Proses Persidangan Polisi Terdakwa Pembunuh Alm Gijik Bergulir: Lemahnya Pasal-Pasal Yang Didakwakan JPU dan Indikasi Skenario Peradilan Yang Dibuat Untuk Gagal

Siaran Pers

Palangka Raya-Kalteng 26 Maret 2024, Tim Advokasi Solidaritas Untuk Masyarakat Adat Bangkal melakukan pengawalan dan pemantauan langsung dalam persidangan kasus penembakan demonstran warga asal Bangkal yang digelar di Pengadilan Negeri Palangka Raya. Sidang pertama dengan agenda pembacaan surat dakwaan tersebut dihadiri langsung oleh Tim Jaksa Penuntut Umum (JPU) dari Kejaksaan Tinggi Kalimantan Tengah,  Terdakwa Iptu Anang Tri Widodo yang didampingi oleh 5 (lima) orang penasehat hukumnya dari Bidang Hukum (Bidkum) Polda Kalteng. 
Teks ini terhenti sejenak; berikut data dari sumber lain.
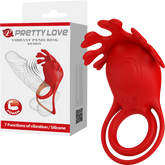 Pretty Love Ruben – Rechargeable 7 Function Vibrating Cock Ring Red > Sex Toys > Couples Toys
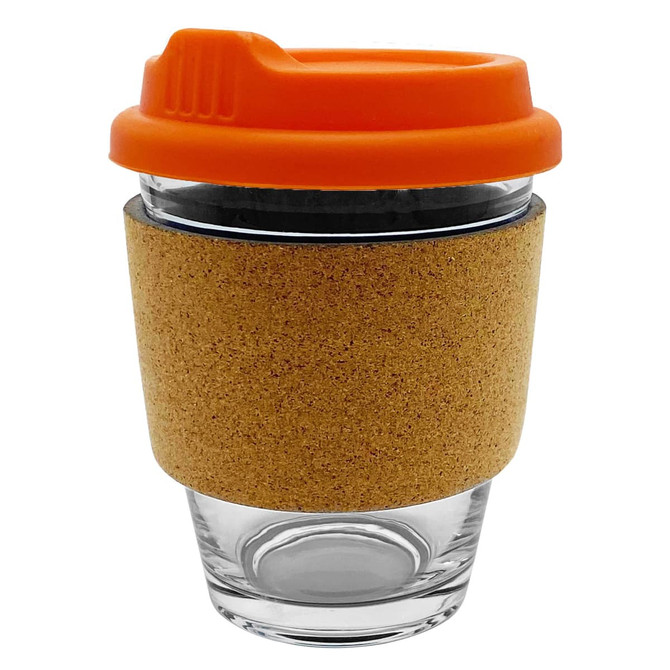 A glass coffee cup with a cork sleeve and an orange lid, featuring a logo on the lid.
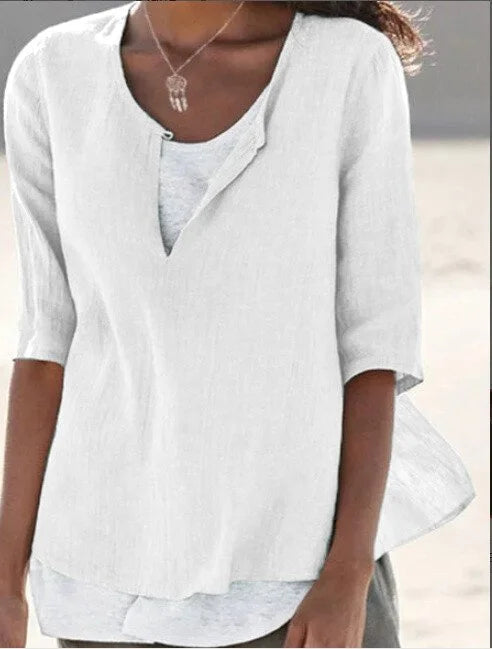 T-shirt femme à col en V
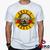 Camiseta Guns N Roses 100% Algodão Rock Geeko Branco gola careca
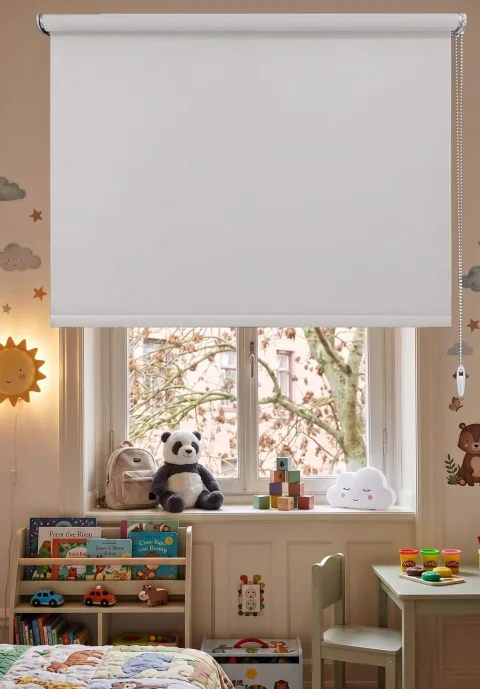 Custom Off-White Roller Blinds for Organic Light Filtering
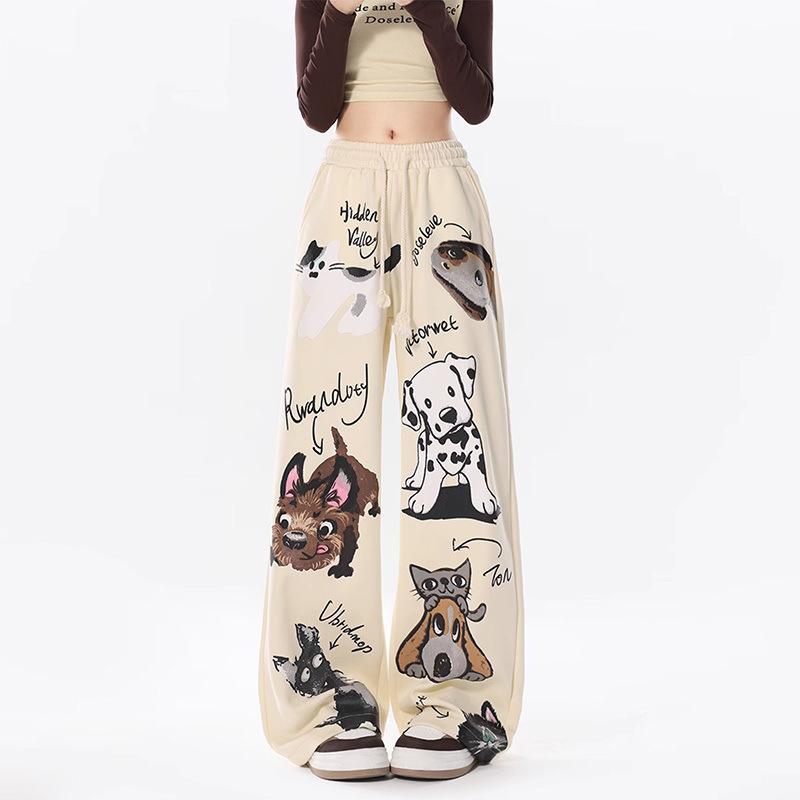 Повседневный шикарный дизайн, узор, мешковатые прямые брюки, женские, с высокой талией, на шнуровке, корейская мода, весна-осень, свободные брюки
Di dalam ruang persidangan, Tim JPU mendakwa Iptu Anang Tri Widodo dengan dakwaan menggunakan Pasal 351 (3), 351 (2), dan 360 KUHP. Penggunaan pasal-pasal tersebut kami yakini dilakukan dengan sengaja dan bertujuan untuk menuntut ringan Terdakwa ATW atau bahkan dibebaskan. Sebelumnya penerapan pasal-pasal janggal ini telah keluarga dan tim advokasi endus sebelum berkasnya dilimpahkan ke PN Palangka Raya. Pada 1 Desember 2023, keluarga korban dan tim advokasi mengirimkan surat ke Kejati Palangka Raya agar JPU memasukan Pasal 340 jo 338 KUHP dan disertai dengan bukti video yang merekam adanya perintah dari arah aparat keamanan berupa “bidik kepalanya, bidik kepalanya”. Kemudian pada 14 Maret 2024, surat dengan substansi serupa dikirimkan kembali ke Kejati Palangka Raya. Karena tidak ada tanggapan dari pihak kejaksaan, keluarga korban dan masa solidaritas menggelar aksi massa untuk menuntut agar Tim JPU serius dalam mengungkap peristiwa penembakan yang menyebabkan alm Gijik meninggal karena ditembak timah panas aparat dan Taufik mengalami cacat secara permanen. 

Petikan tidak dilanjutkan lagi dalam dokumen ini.